◆ LISTED ENTRIES ◆
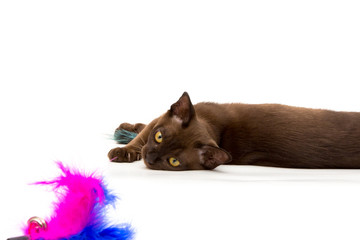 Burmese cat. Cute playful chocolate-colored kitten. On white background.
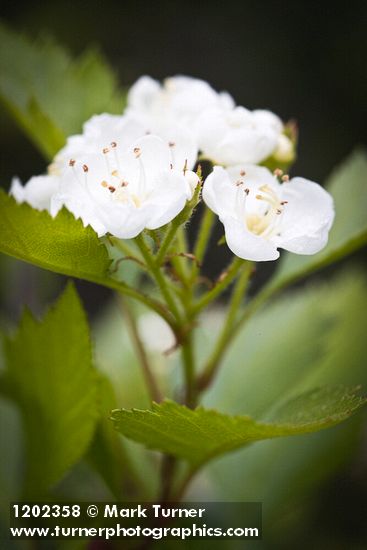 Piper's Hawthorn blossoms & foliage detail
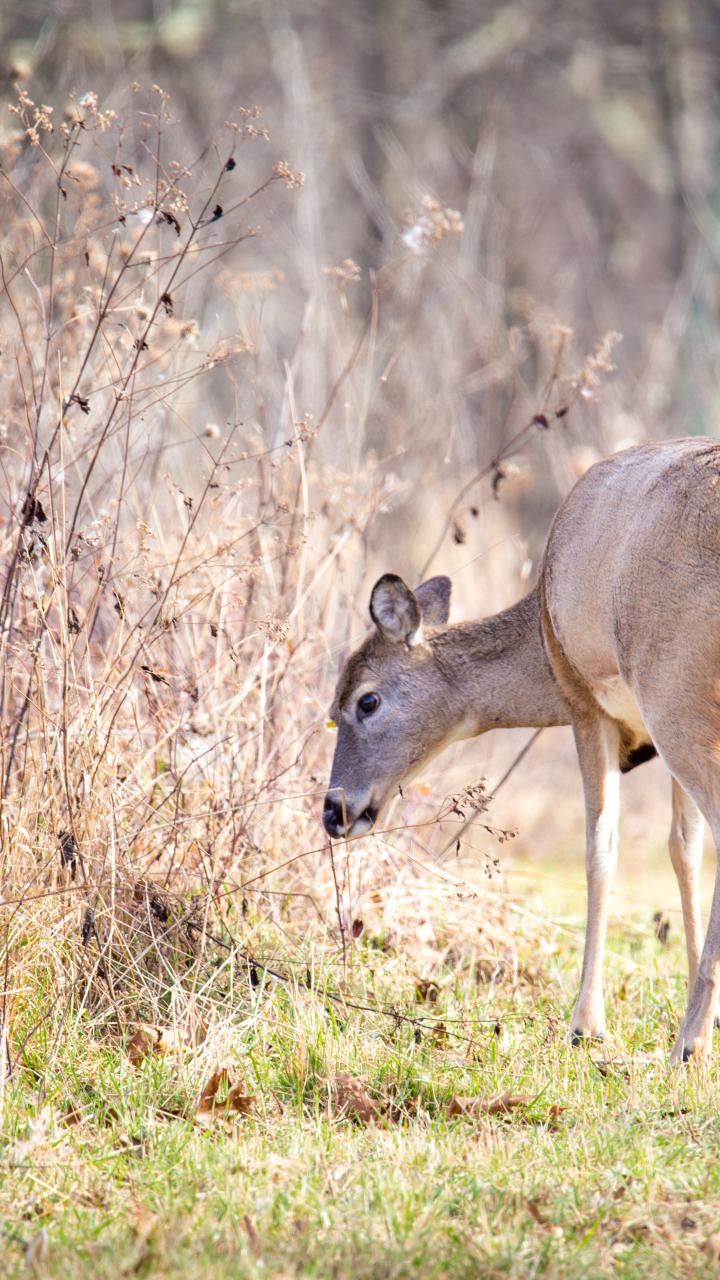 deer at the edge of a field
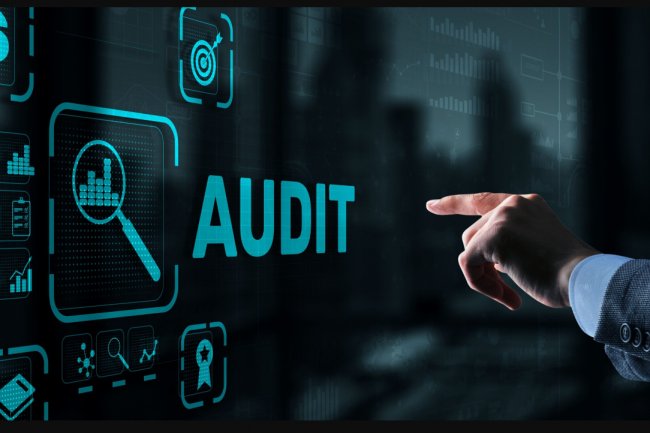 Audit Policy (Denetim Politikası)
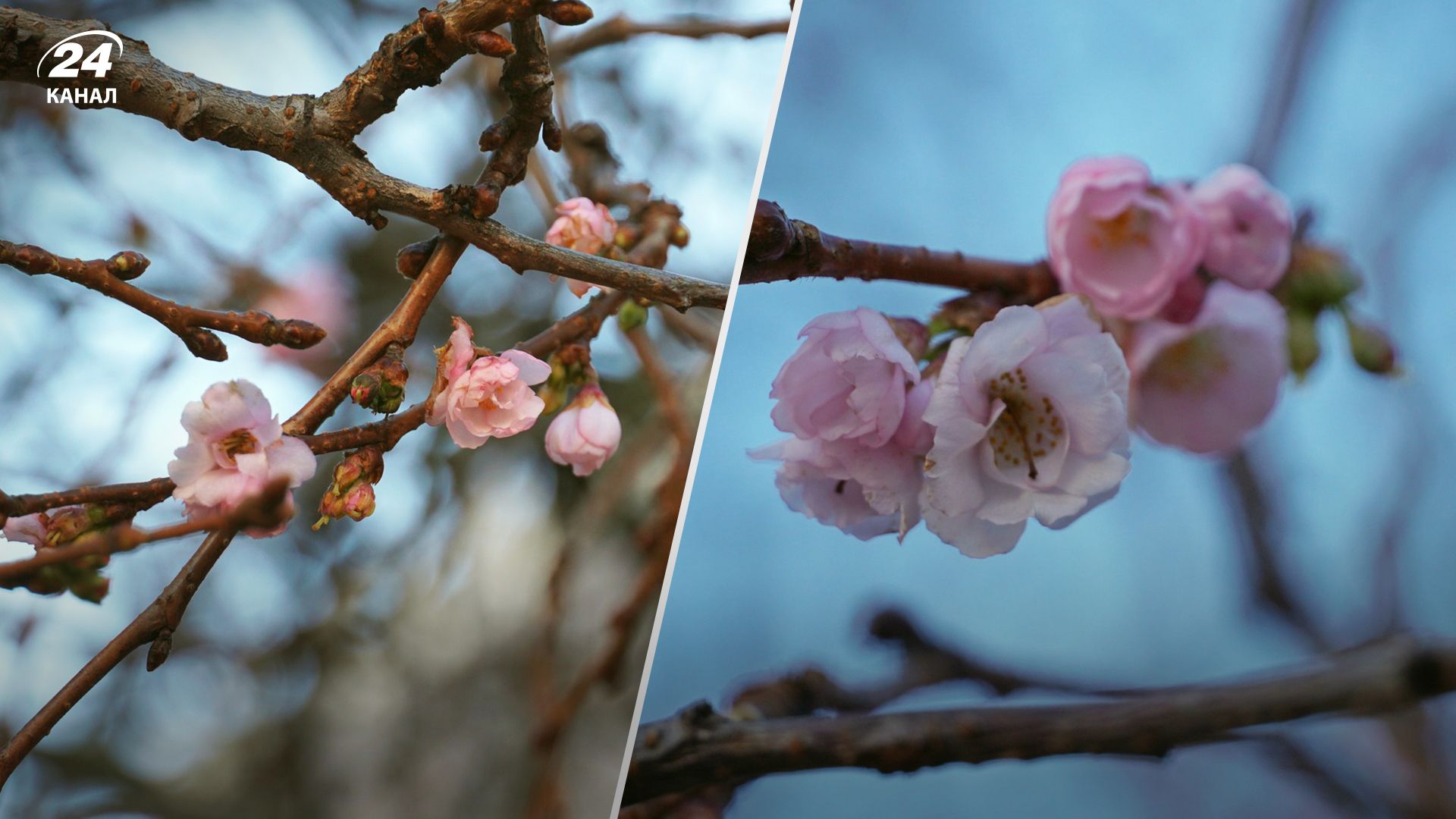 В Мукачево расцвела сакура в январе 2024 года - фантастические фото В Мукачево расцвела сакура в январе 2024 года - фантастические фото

---

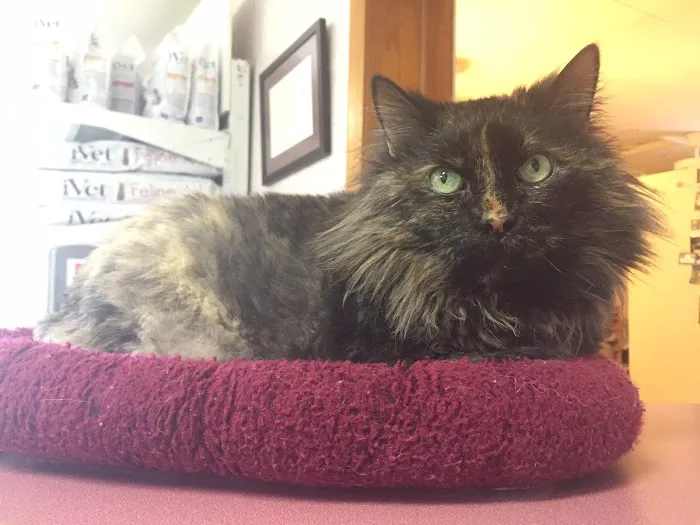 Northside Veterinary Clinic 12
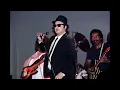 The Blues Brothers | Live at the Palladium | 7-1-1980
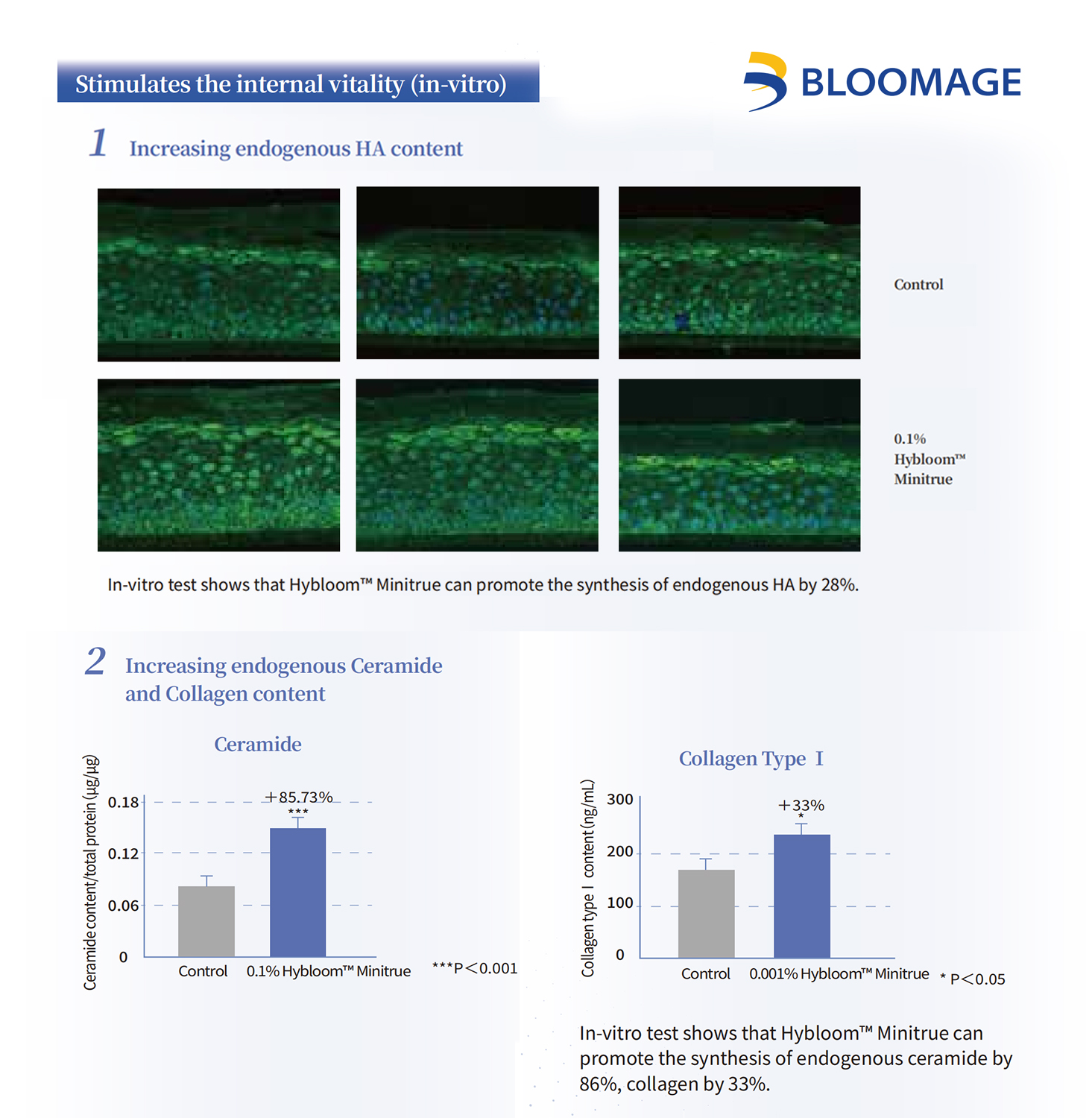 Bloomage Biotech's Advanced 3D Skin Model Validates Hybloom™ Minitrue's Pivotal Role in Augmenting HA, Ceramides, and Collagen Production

◆ DESCRIPTION OF THE TASK ◆
In the data above, the stretch from the line with "deer at the edge of a field" through the line with "фантастические фото В" is to be returned exactly, minus any pictures.

◆ EXERCISE OUTPUT ◆
 deer at the edge of a field
 Audit Policy (Denetim Politikası)
 В Мукачево расцвела сакура в январе 2024 года - фантастические фото В Мукачево расцвела сакура в январе 2024 года - фантастические фото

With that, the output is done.